A chicken-sized bird species that went extinct 136,000 years ago has come back to existence due to a rare evolutionary process. This last surviving flightless species of rail bird was found by researchers in the Indian Ocean. It has come back through a process called “iterative evolution”.
It was found by researchers from the University of Portsmouth in the UK and Natural History Museum that on two occasions the species was able to colonise an isolated atoll called Aldabra but separated by tens of thousands of years.
“Iterative evolution happens when the same or similar structures evolve out of the same common ancestor, but at different times – meaning that the animal actually comes about twice over, completely separately,” said the report. “This is the first time it has been seen in rails and one of the most significant ever seen in a bird of any kind.”

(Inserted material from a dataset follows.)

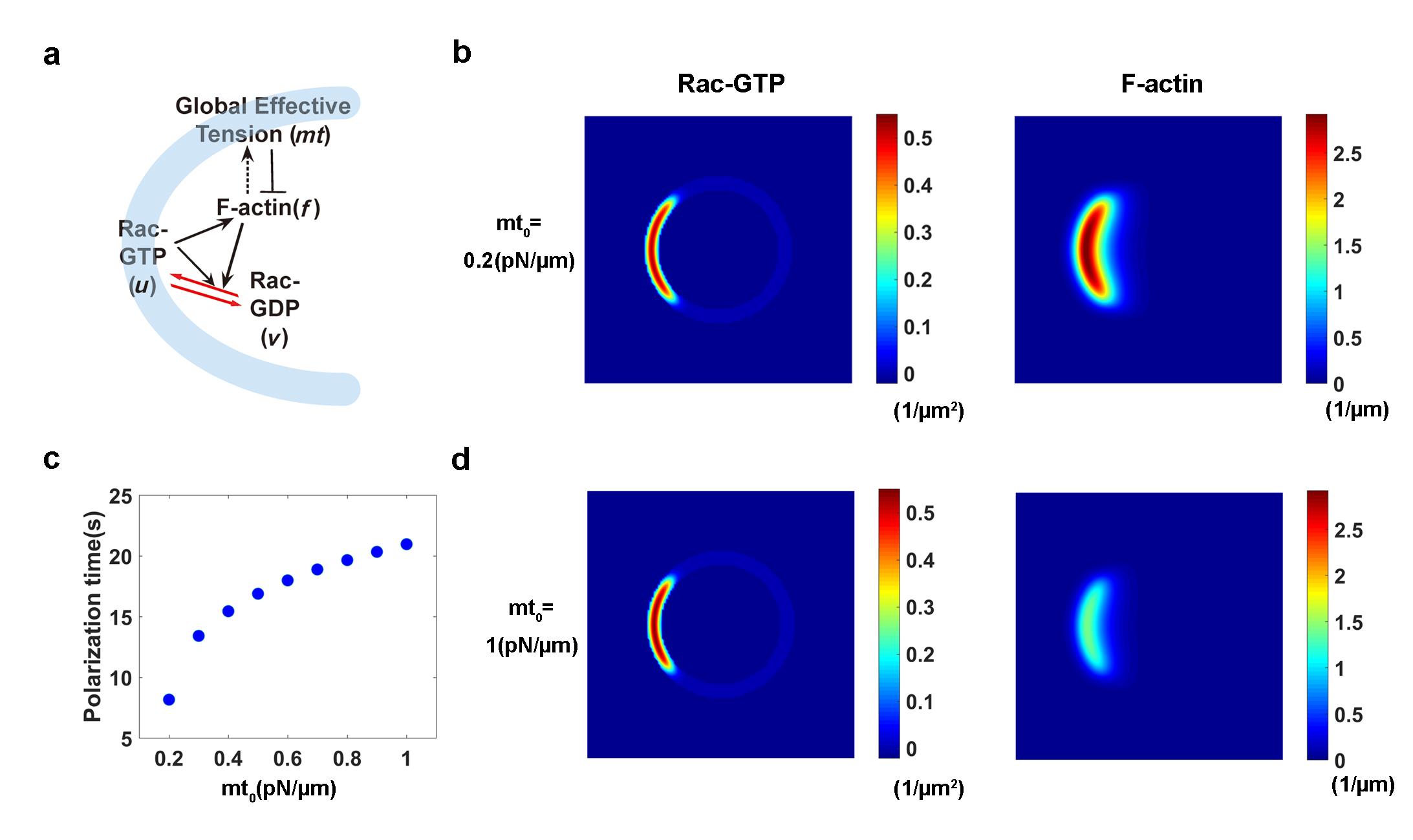 Liu’s Lab and Zhang’s Lab jointly established a mechano-chemical cell polarity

The study published in the Zoological Journal of the Linnean Society stated that the last surviving colony of flightless rails is still found on Aldabra. It is a white-throated, chicken-sized rail that is indigenous to Madagascar in the south-western Indian Ocean.
“These unique fossils provide irrefutable evidence that a member of the rail family colonized the atoll, most likely from Madagascar, and became flightless independently on each occasion,” said Julian Hume, official at the Natural History Museum.
Some went east, some landed on the many ocean islands such as Mauritius, Reunion and Aldabra. The atoll disappeared when it was completely covered by the sea during a major inundation event around 136,000 years ago. This wiped out all fauna and flora including the flightless rail.
Comparing the bones of a fossilised rail from before the event showed the wing bone showed an advanced state of flightlessness and the ankle bones had distinct properties that it was evolving towards flightlessness.
This only means that one species from Madagascar actually gave rise to two different species of flightless rail on Aldabra in a span of a few thousand years.